Is the devil dressed in greed? Greed stimulates corruption, which promotes self-alienation, facilitates systemic failure, worsens inequality, and generates false pledges and divide-and-conquer policies. Despite the United Nations’ (UN) existence for much of a century, most countries continue to exploit and compete for cheap labor, causing poverty rates to climb. Most UN member states and other affiliated and international organizations have institutionalized bad governance, corporate abuse, and social injustice to benefit themselves, thus committing institutional crimes and aiding the global elite in a vicious conspiratorial cycle. The entire UN system has harnessed a mafia-like culture of power with impunity in intermestic affairs to control human experience and generate authoritarian paradigms. This in turn stimulates psychological captivity, irrational preferences, and negative herd behavior and divides nations both internationally and domestically. A literature-based transdisciplinary study was conducted to substantiate these assertions and to propose feasible systemic solutions that point toward humanistic paradigms by cultivating psychological freedom and implementing good governance. In this way, the related cognitive processes can be systemically and intermestically amended while resolving the structural weaknesses of the UN, eliminating inequality, uniting nations internationally and domestically, and developing a peaceful, just, and sustainable world order.

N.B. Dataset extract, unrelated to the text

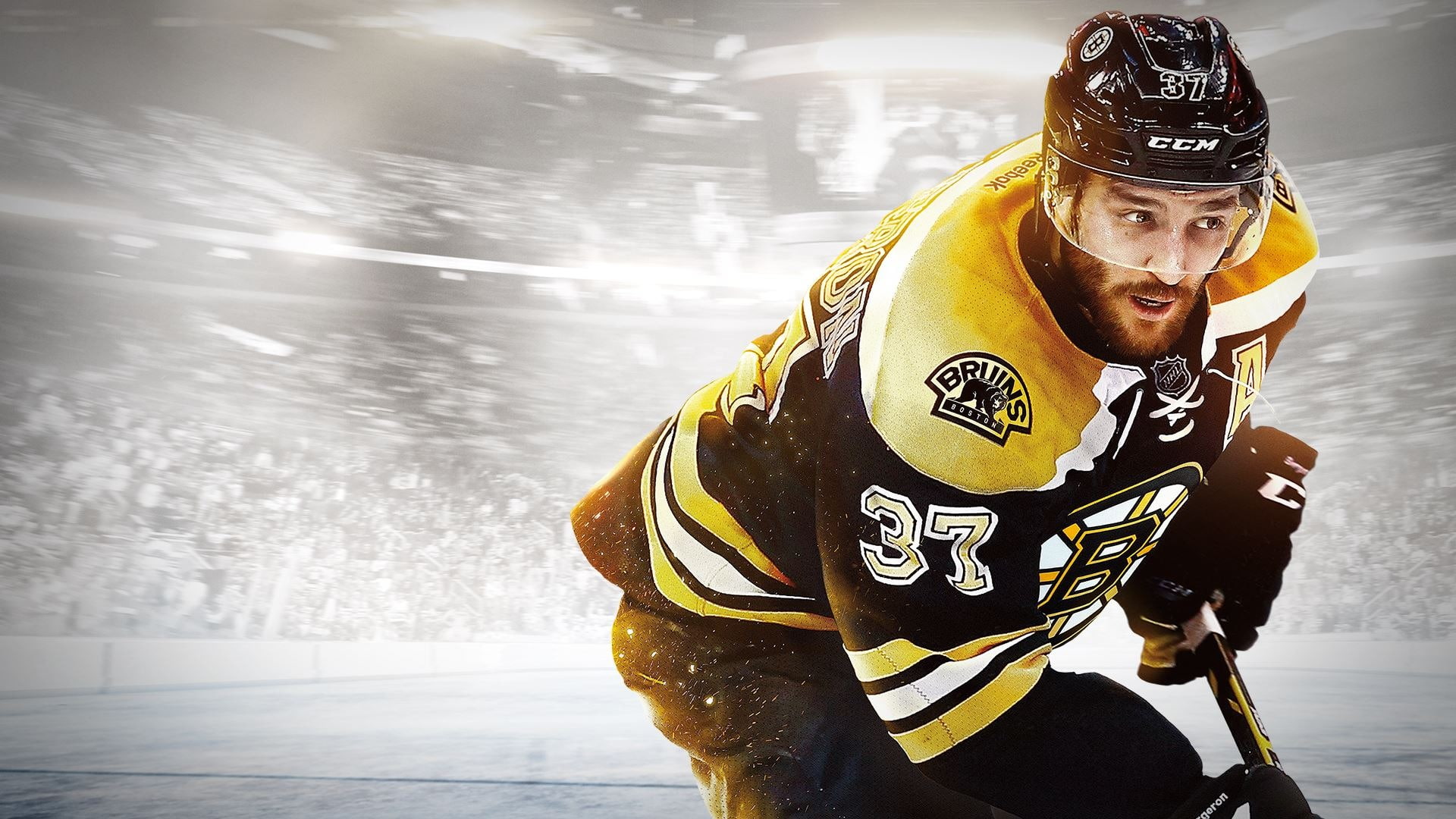 1080P, stick, NHL 15, Patrice Bergeron, hockey, player, EA Sports, helmet, EA Canada, Bruins, gloves, HD Wallpaper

Is the devil dressed in greed? From greed, corruption gains, self-alienation dominates, the system fails, inequality exacerbates, and false pledges play the divide-and-conquer game. I wondered how governments worldwide are allowed to act as they please, while becoming increasingly involved in systemic failure, and still get away with it. The entire United Nations (UN) system and its greedy leaders are collectively responsible for harnessing a mafia-like culture of power to control the human experience and generate authoritarian paradigms. This, in turn, stimulates psychological captivity and negative herd behavior and divides nations both internationally and domestically. A transdisciplinary study was conducted to propose feasible solutions that point toward humanistic paradigms by cultivating psychological freedom and implementing good governance. In this way, the related cognitive processes can be amended while resolving the UN’s structural weaknesses, eliminating inequality, uniting nations both internationally and domestically, and developing a peaceful, just, and sustainable world order.